The Ghana cedi has continued its impressive performance against the US dollar, gaining more ground today following the anticipated approval of a $3 billion Extended Credit Facility Arrangement for Ghana by the International Monetary Fund (IMF).
According to Bloomberg, the cedi has emerged as the top-performing currency against the dollar in the past six months, experiencing a remarkable 33% increase since November 2022, which is the largest gain among approximately 150 currencies and a significant reversal of previous losses.
Furthermore, Ghana's dollar bonds have also delivered strong returns, with investors enjoying nearly 12% gains, surpassing the 3.6% average for emerging and frontier peers in a Bloomberg index.
Although the local currency has experienced an 8.7% depreciation against the US dollar since the beginning of the year, it has performed relatively well compared to the interbank market.
As of May 17, 2023, checks conducted by Joy Business at forex bureaus indicate that the cedi is trading at ¢11.30 to the American greenback.
In the period leading up to May 12, 2023, the cedi exhibited relative stability, consistently trading between ¢11.7 and ¢11.9 against the dollar since late March 2023.

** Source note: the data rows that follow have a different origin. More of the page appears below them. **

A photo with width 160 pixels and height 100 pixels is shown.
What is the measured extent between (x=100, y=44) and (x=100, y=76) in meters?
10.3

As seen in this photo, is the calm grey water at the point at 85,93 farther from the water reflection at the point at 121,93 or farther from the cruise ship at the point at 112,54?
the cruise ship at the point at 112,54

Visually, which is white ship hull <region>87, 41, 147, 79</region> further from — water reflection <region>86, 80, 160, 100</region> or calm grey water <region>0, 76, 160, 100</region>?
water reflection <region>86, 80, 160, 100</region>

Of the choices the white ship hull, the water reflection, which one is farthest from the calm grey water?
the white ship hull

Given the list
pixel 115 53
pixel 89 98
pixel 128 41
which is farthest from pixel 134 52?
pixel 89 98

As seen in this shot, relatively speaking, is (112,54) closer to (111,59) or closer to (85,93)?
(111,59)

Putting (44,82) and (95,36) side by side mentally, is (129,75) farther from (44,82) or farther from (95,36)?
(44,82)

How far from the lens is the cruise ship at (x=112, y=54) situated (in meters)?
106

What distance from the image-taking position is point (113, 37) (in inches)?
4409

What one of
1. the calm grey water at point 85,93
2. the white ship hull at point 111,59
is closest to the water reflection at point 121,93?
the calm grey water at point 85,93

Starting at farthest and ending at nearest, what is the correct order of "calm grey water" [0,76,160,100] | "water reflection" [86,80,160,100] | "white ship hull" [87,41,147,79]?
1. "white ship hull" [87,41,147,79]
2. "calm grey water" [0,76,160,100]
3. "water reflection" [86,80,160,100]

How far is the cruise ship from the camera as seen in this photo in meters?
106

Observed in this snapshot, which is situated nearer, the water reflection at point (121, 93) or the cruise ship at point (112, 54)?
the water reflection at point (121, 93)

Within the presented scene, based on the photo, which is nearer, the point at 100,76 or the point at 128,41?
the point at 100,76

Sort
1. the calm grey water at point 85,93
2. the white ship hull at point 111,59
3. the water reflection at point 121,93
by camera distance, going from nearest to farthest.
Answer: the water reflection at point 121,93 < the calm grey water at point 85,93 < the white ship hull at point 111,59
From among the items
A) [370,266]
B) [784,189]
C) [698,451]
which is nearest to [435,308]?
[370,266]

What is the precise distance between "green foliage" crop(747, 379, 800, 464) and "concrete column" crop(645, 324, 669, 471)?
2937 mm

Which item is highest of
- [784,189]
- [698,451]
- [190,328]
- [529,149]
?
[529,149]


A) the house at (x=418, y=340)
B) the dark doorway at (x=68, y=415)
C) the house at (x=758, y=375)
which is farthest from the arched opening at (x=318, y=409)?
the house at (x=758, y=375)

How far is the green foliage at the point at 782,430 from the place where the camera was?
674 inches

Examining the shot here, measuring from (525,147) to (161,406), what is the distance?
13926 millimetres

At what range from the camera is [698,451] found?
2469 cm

Investors remained cautiously optimistic that Ghana would secure the IMF deal approval in the second quarter, with the possibility of it being granted in May, as indicated by government officials.

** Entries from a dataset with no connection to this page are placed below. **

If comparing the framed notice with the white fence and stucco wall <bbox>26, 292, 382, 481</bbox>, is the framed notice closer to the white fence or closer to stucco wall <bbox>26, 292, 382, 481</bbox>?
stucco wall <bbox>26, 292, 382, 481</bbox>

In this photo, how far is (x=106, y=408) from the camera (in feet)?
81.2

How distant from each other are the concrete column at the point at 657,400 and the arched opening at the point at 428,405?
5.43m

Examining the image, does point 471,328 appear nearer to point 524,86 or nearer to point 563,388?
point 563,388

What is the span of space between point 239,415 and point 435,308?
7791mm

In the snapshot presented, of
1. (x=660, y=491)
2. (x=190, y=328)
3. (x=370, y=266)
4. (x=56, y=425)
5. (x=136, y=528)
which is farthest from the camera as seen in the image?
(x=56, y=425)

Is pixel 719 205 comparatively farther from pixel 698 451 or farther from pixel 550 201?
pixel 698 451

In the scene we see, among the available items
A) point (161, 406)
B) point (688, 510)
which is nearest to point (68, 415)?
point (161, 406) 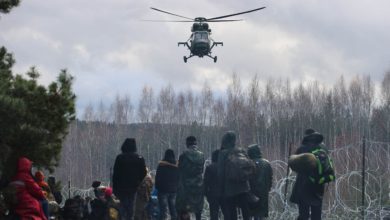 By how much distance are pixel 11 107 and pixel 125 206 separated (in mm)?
5303

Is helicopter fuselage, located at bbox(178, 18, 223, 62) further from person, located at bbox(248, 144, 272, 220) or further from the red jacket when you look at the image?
the red jacket

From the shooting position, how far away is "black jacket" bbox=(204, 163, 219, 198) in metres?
15.7

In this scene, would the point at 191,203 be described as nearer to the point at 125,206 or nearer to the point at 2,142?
the point at 125,206

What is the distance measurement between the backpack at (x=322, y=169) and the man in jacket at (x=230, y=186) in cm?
115

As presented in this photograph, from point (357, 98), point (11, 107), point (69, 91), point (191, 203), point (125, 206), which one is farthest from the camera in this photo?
point (357, 98)

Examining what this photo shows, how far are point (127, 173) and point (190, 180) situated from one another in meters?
1.76

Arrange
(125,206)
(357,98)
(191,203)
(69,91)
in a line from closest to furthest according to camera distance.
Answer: (69,91)
(125,206)
(191,203)
(357,98)

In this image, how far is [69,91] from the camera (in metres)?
10.6

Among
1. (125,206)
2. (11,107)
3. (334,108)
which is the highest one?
(334,108)

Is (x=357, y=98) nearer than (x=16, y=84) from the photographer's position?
No

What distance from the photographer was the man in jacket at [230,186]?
560 inches

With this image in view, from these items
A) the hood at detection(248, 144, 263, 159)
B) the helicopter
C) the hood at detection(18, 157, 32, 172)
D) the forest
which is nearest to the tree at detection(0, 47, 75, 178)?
the hood at detection(18, 157, 32, 172)

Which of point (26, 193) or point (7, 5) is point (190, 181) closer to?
point (26, 193)

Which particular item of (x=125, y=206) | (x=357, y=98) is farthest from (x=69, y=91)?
(x=357, y=98) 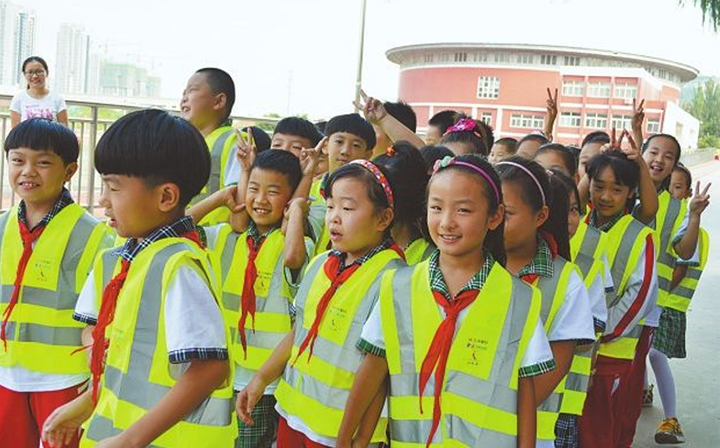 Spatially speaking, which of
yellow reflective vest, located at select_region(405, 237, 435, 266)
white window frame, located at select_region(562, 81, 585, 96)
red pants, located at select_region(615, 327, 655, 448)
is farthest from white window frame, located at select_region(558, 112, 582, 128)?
yellow reflective vest, located at select_region(405, 237, 435, 266)

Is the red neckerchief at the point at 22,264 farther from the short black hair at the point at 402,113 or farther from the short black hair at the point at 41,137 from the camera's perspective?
the short black hair at the point at 402,113

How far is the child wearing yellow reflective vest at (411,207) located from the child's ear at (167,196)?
0.97 metres

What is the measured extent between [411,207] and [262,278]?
630 millimetres

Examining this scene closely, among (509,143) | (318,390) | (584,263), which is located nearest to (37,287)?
(318,390)

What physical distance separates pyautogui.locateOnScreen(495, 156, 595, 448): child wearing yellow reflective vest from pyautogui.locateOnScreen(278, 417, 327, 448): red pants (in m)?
0.71

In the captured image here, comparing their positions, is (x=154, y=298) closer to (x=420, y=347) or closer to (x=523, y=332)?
(x=420, y=347)

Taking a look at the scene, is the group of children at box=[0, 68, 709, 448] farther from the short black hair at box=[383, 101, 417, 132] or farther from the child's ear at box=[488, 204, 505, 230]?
the short black hair at box=[383, 101, 417, 132]

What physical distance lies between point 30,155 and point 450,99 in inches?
1970

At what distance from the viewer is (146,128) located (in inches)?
66.2

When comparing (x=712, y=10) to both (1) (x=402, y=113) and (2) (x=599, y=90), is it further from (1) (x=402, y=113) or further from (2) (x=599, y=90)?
(2) (x=599, y=90)

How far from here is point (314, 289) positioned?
7.76 feet

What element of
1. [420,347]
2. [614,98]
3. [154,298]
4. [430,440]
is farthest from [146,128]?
[614,98]

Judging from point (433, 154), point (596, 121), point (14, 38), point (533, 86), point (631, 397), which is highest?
point (533, 86)

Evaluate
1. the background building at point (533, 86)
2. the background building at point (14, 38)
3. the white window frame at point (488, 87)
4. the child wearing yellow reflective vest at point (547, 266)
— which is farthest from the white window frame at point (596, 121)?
the child wearing yellow reflective vest at point (547, 266) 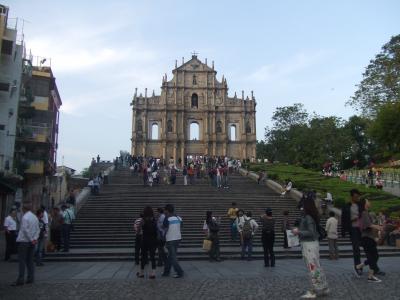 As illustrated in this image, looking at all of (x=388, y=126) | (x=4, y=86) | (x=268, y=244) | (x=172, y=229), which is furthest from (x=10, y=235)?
(x=388, y=126)

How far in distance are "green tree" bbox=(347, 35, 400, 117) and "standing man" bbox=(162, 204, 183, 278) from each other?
30.5 m

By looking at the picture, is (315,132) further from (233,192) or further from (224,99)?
(233,192)

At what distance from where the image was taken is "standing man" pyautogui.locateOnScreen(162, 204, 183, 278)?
1071cm

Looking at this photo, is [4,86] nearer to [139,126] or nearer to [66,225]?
[66,225]

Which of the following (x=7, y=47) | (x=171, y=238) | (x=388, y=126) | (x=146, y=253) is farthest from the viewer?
(x=388, y=126)

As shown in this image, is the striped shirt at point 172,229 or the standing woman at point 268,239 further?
the standing woman at point 268,239

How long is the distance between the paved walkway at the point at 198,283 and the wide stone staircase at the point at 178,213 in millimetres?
2324

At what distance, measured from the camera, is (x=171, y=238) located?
1098cm

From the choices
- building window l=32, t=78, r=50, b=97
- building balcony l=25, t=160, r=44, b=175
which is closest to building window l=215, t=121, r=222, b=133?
building window l=32, t=78, r=50, b=97

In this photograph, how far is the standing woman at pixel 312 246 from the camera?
26.2 ft

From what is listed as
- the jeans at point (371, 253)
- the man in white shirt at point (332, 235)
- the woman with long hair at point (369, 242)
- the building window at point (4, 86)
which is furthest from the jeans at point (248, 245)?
the building window at point (4, 86)

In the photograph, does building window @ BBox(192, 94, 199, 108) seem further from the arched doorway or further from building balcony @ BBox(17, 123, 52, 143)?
building balcony @ BBox(17, 123, 52, 143)

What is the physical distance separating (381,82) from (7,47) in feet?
90.4

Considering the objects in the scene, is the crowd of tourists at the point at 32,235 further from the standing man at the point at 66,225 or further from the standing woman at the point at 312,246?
the standing woman at the point at 312,246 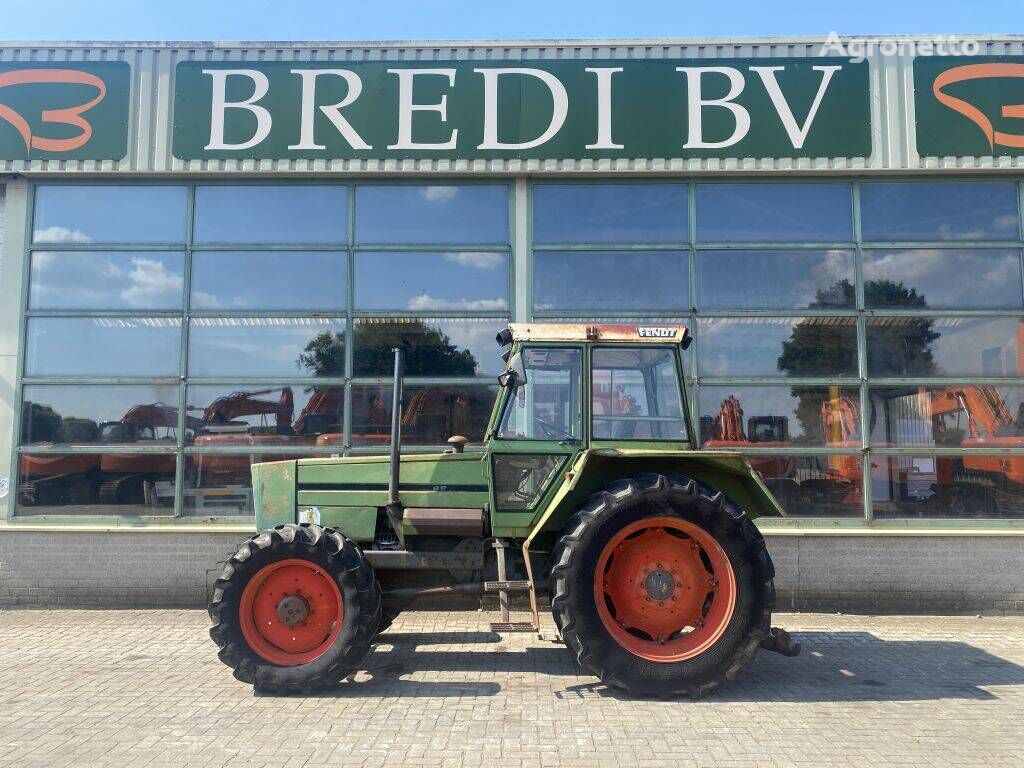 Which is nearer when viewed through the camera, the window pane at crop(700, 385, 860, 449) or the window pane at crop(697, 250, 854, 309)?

When Ghana received financing assurance from G20 Common Framework members, market sentiment improved, leading to increased interest among investors to acquire US dollars at lower rates.
Economist Courage Martey commented, “Immediately on Friday [May 12, 2023], we saw that reflected in the Ghana cedi performance as the local currency gained 1.0% on Friday alone. The gains have continued into this week as the market expects the approval this week, likely today, as communicated by government officials.”
However, analysts have expressed concerns about the spread between the buy-side and sell-side rates.
Martey highlighted that the buy-side rates are decreasing faster than the sell-side rates, leading to a widening spread. Traders are eager to purchase US dollars at lower prices but are reluctant to sell at significantly reduced rates.
This suggests that the appreciation of the cedi is currently driven by market sentiment and the positive impact of the anticipated IMF program approval, rather than a substantial improvement in economic fundamentals.